» **Assigned task**
Your task is to copy the lines from the line containing "Denon AVR-X1800H" through the end of the listing below, both included, without any pictures.

» **Exercise input**

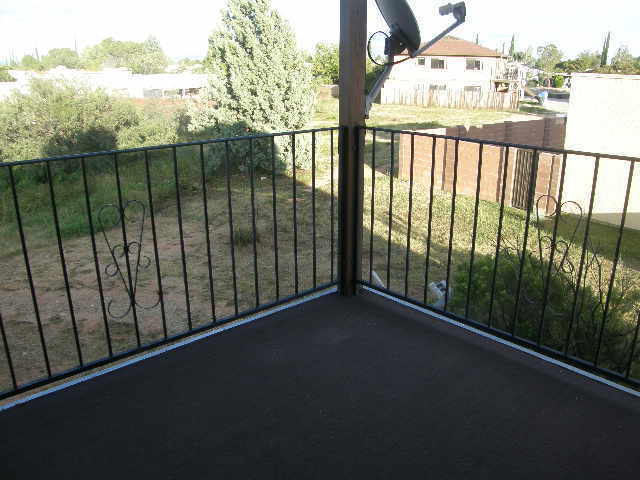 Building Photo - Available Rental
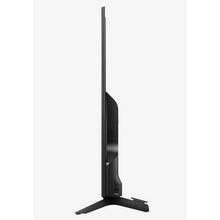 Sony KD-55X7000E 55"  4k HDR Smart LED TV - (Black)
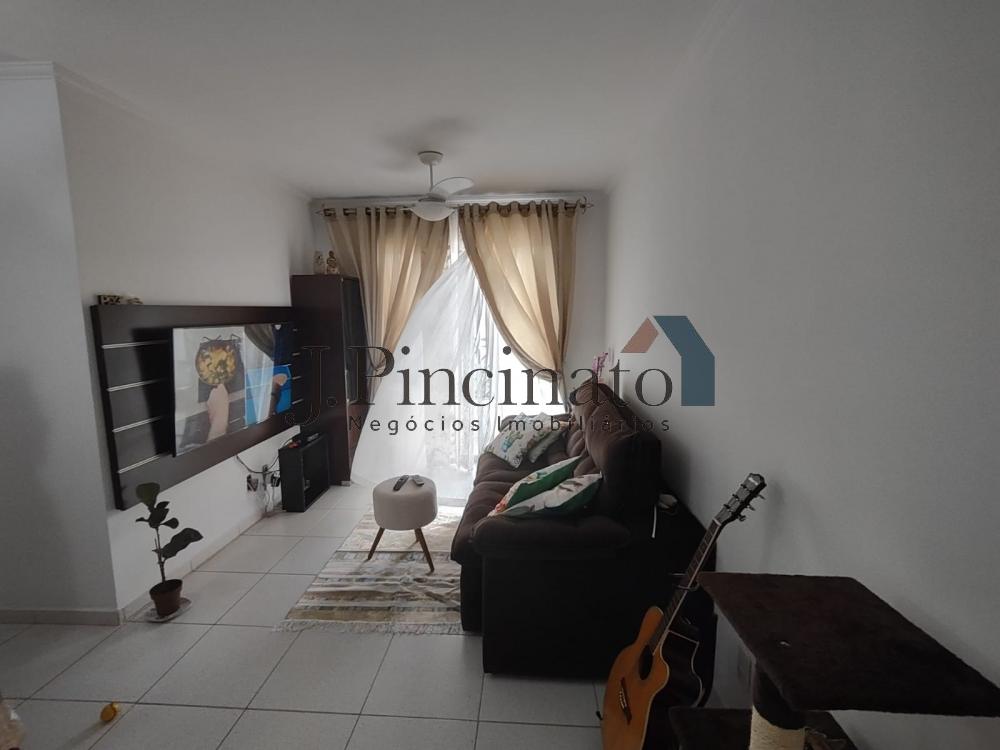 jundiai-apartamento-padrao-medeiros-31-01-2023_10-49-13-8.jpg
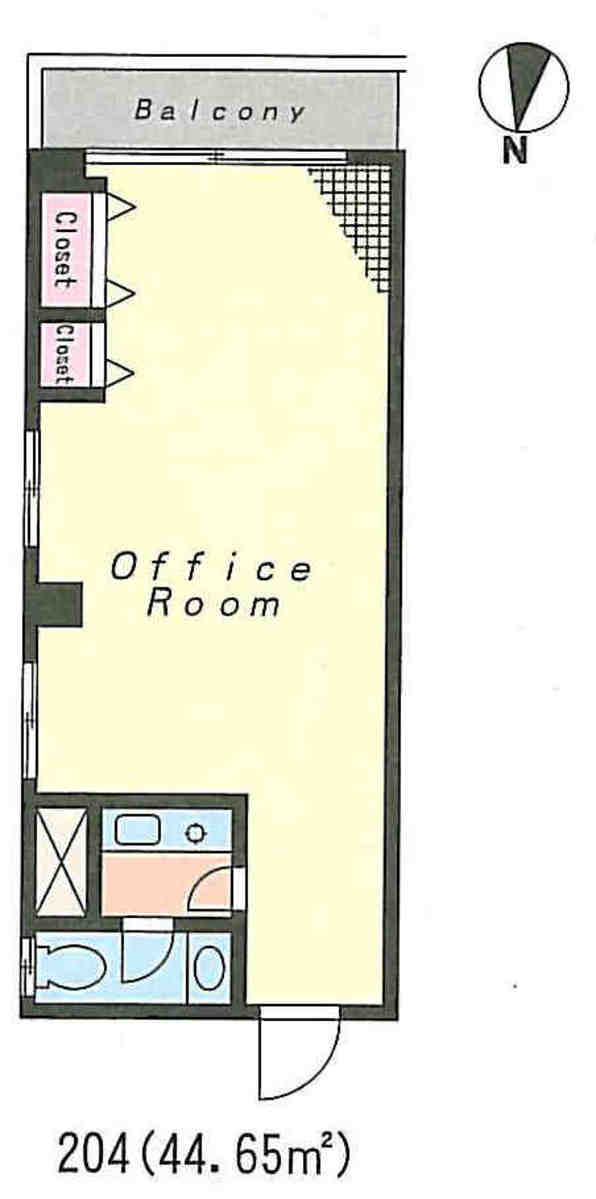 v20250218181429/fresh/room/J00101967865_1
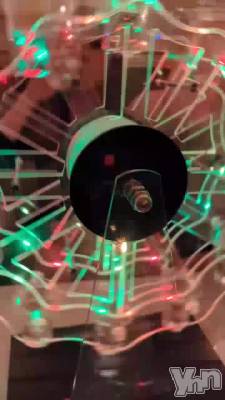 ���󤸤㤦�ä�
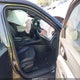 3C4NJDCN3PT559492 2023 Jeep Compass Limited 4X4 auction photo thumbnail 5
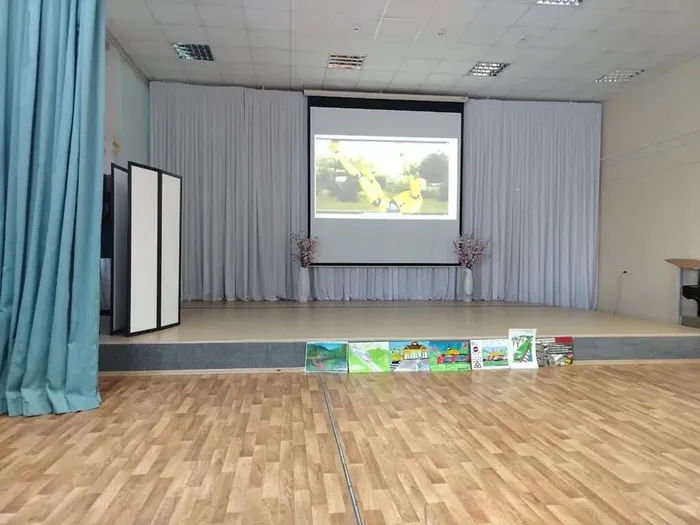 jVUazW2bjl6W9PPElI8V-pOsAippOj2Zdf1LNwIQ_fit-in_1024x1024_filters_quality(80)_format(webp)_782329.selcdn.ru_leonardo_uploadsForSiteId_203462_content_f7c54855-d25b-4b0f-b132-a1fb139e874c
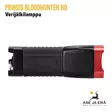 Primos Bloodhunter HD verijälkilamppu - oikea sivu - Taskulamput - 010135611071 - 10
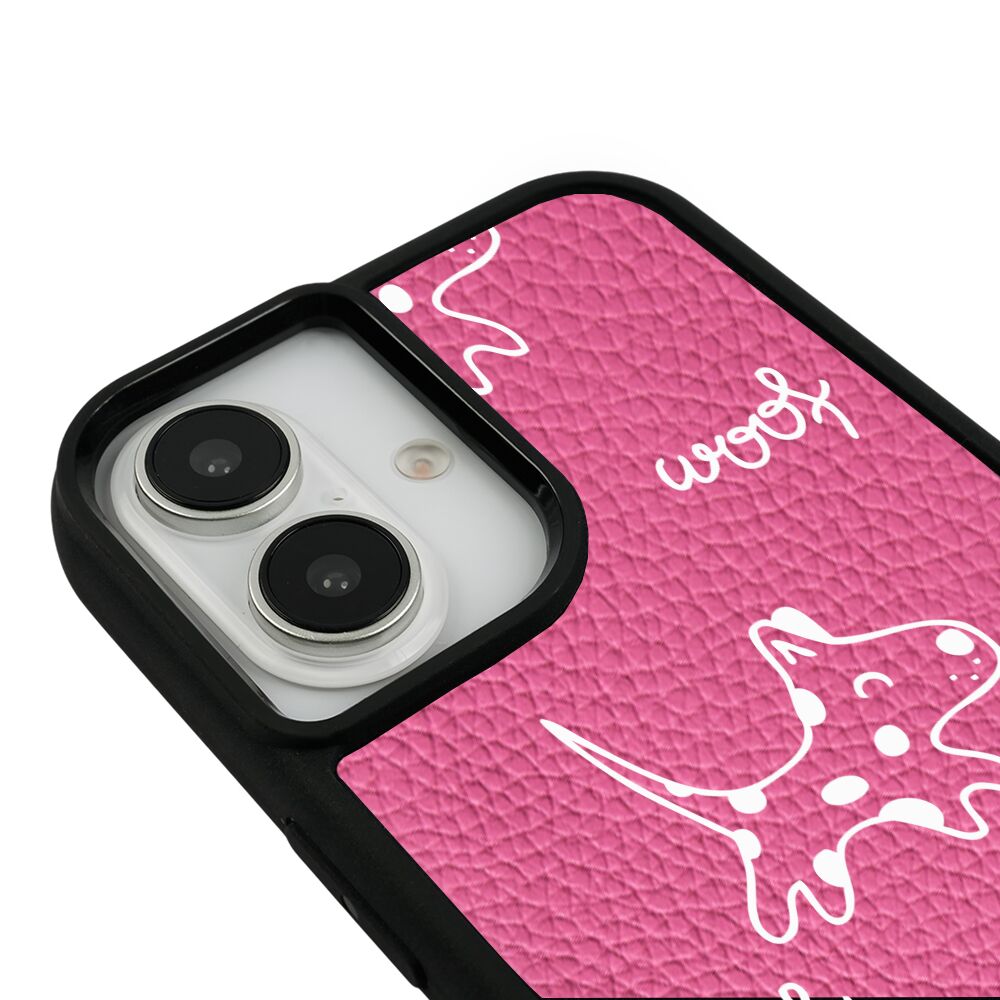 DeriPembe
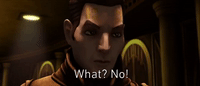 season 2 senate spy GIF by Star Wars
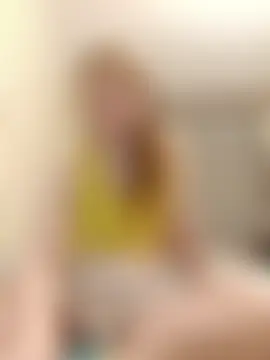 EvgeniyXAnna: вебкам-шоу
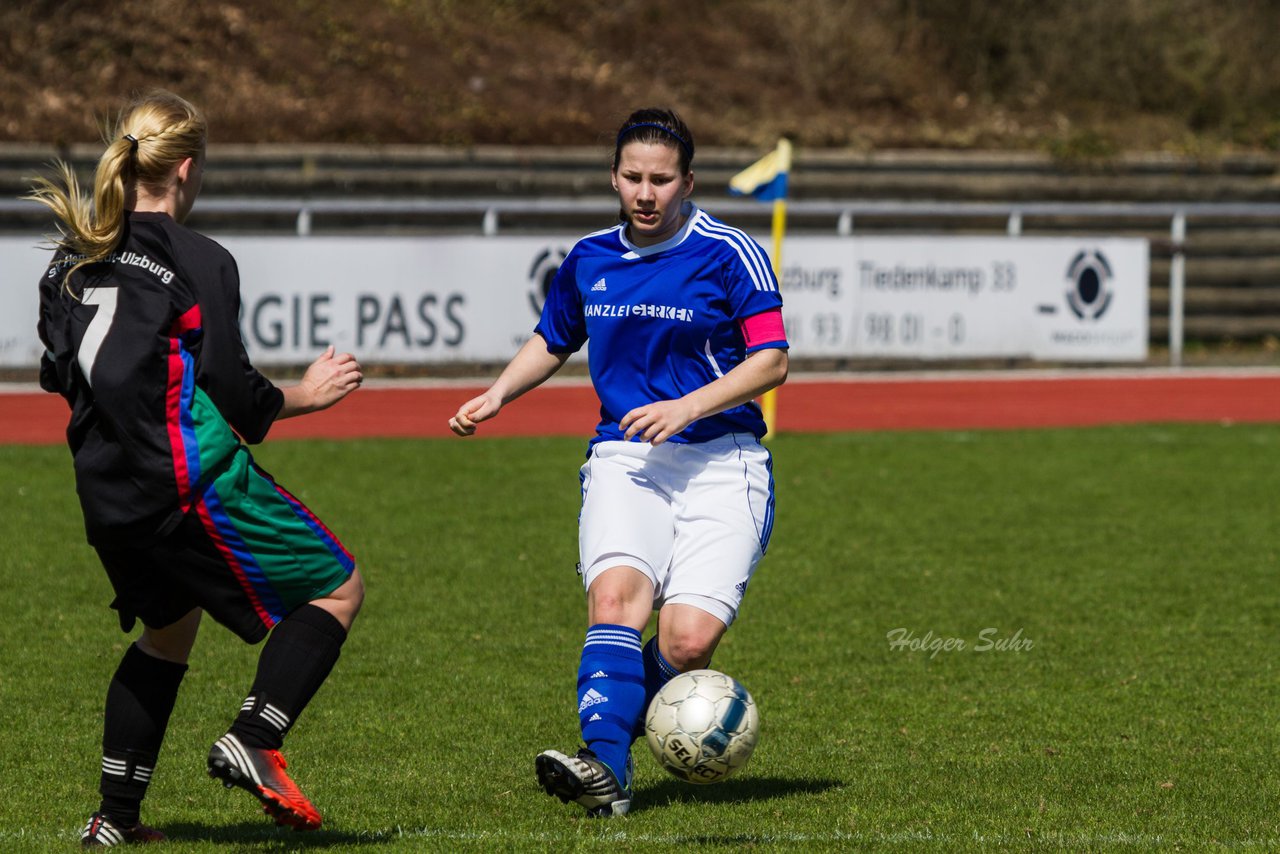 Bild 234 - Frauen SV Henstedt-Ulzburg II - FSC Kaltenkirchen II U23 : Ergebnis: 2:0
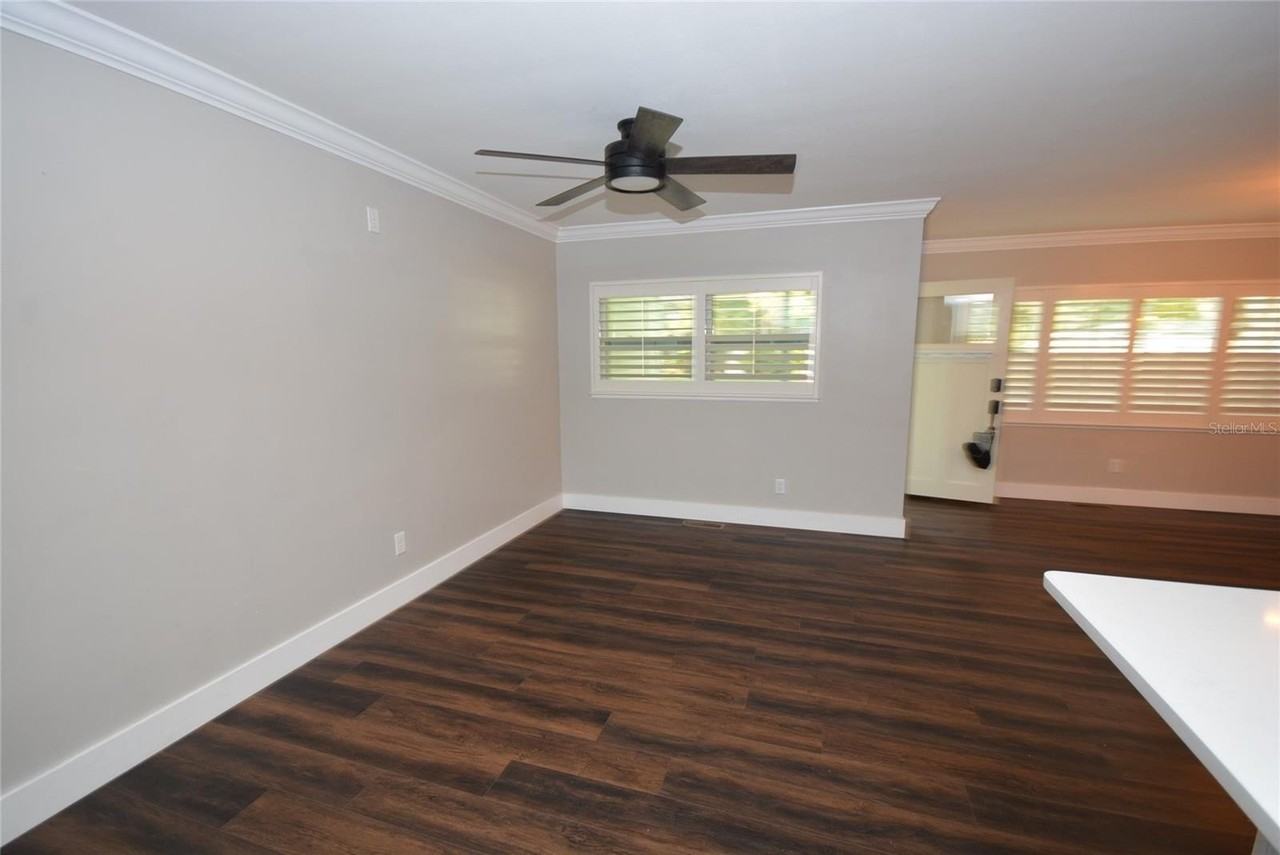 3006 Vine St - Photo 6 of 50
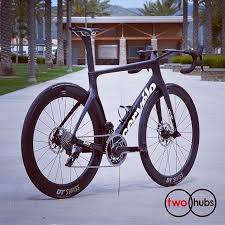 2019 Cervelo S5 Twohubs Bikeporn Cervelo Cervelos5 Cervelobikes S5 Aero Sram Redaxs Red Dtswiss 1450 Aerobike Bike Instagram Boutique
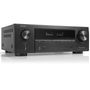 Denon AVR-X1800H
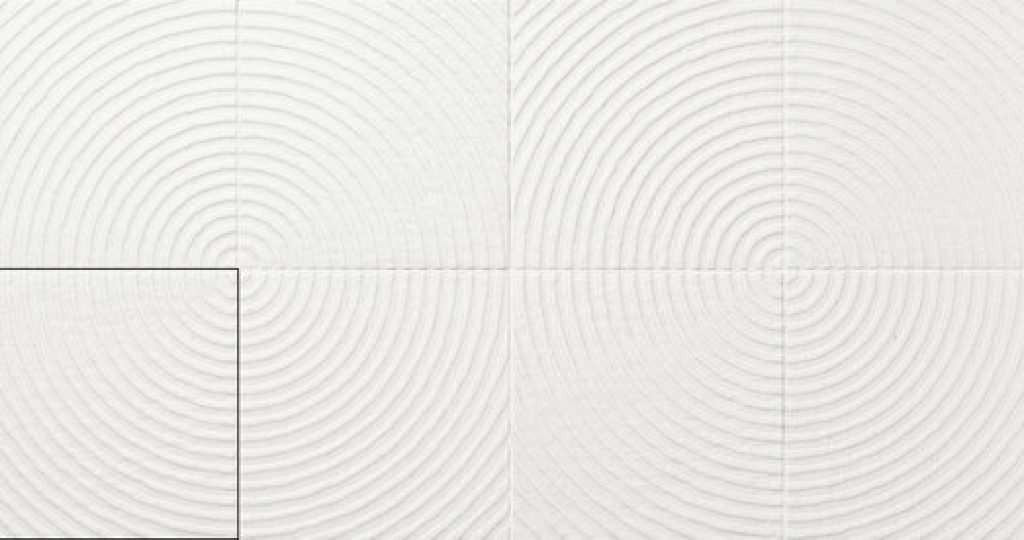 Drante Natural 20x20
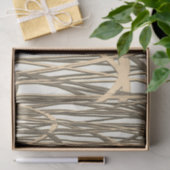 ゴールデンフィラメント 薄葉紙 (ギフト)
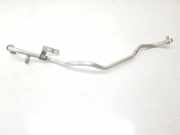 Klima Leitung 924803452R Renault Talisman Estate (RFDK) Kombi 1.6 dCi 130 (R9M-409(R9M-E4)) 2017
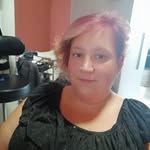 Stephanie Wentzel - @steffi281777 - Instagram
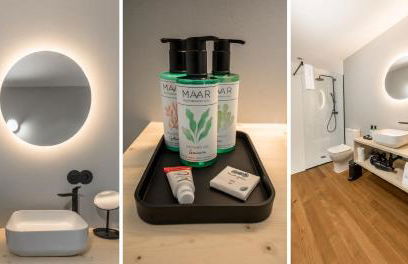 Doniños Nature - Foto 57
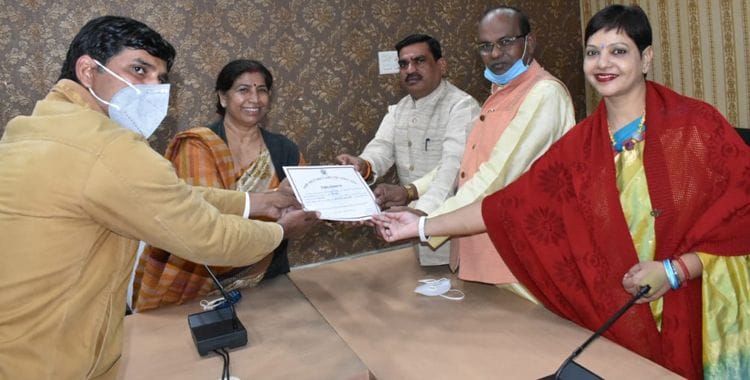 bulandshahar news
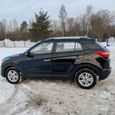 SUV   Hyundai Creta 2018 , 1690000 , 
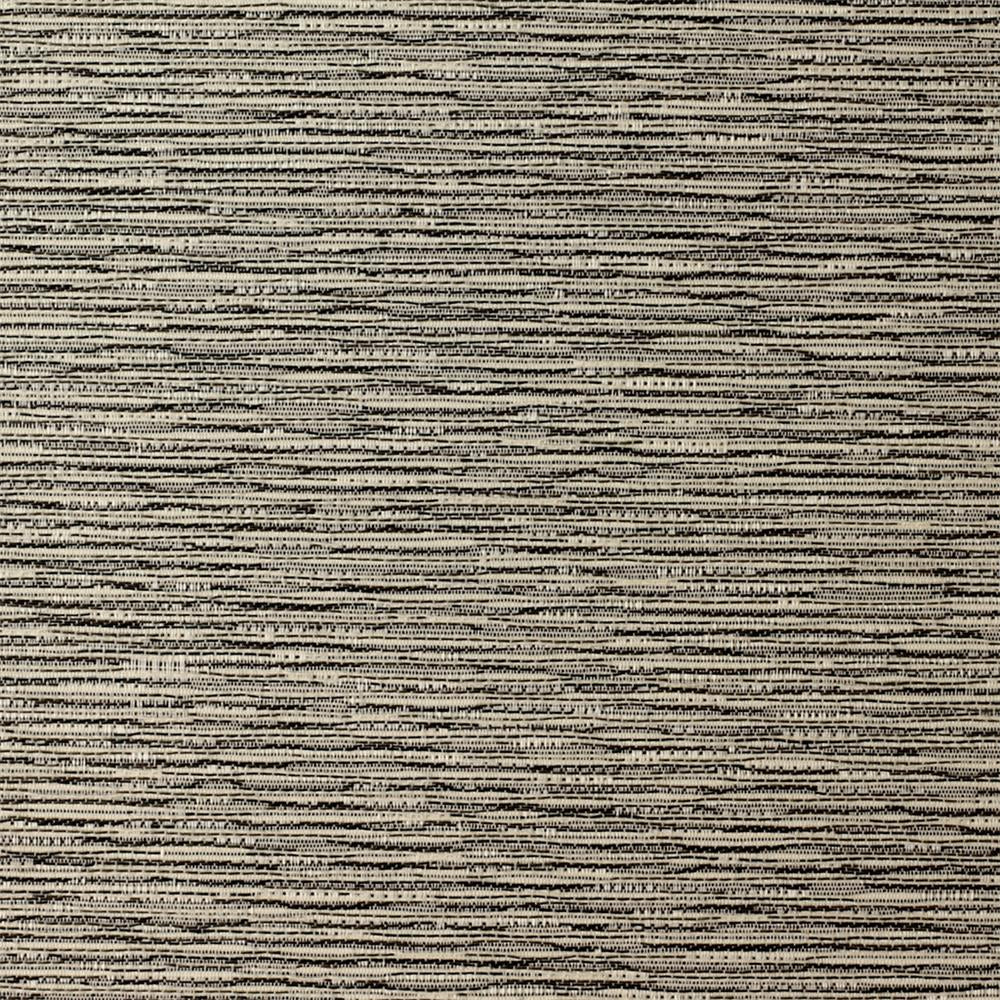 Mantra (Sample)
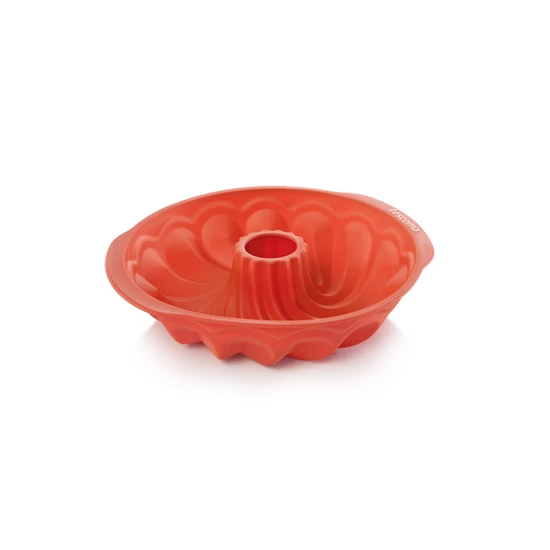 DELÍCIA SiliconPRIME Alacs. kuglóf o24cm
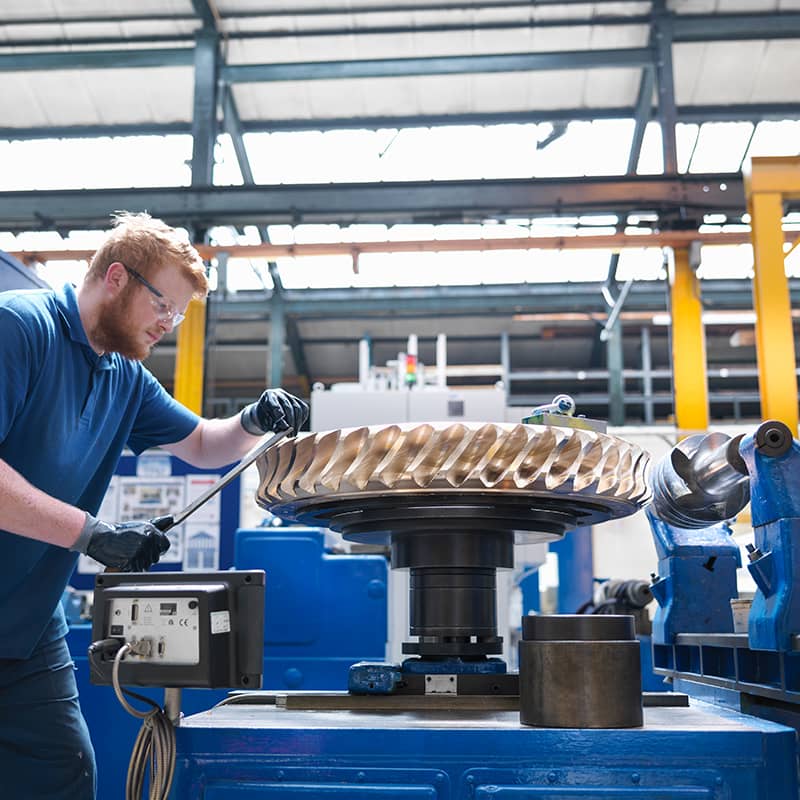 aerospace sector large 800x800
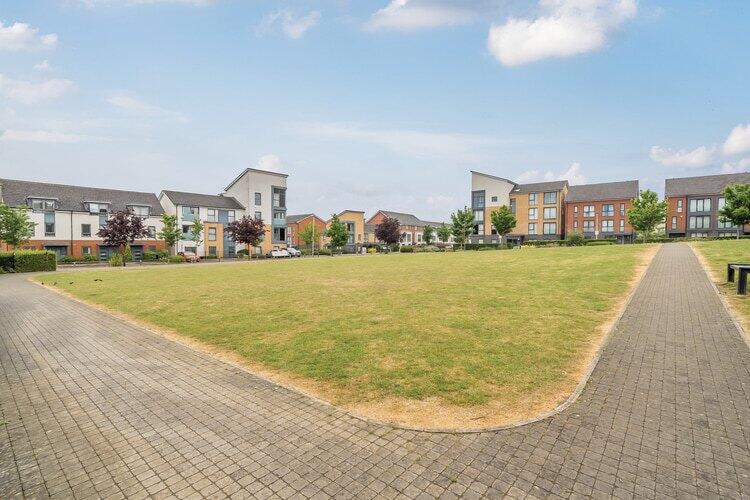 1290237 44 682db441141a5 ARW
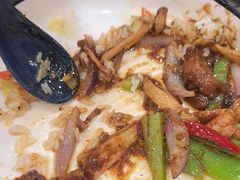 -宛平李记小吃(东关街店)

» **Response box**
 Denon AVR-X1800H
 Drante Natural 20x20
 ゴールデンフィラメント 薄葉紙 (ギフト)
 Klima Leitung 924803452R Renault Talisman Estate (RFDK) Kombi 1.6 dCi 130 (R9M-409(R9M-E4)) 2017
 Stephanie Wentzel - @steffi281777 - Instagram
 Doniños Nature - Foto 57
 bulandshahar news
 SUV   Hyundai Creta 2018 , 1690000 , 
 Mantra (Sample)
 DELÍCIA SiliconPRIME Alacs. kuglóf o24cm
 aerospace sector large 800x800
 1290237 44 682db441141a5 ARW
 -宛平李记小吃(东关街店)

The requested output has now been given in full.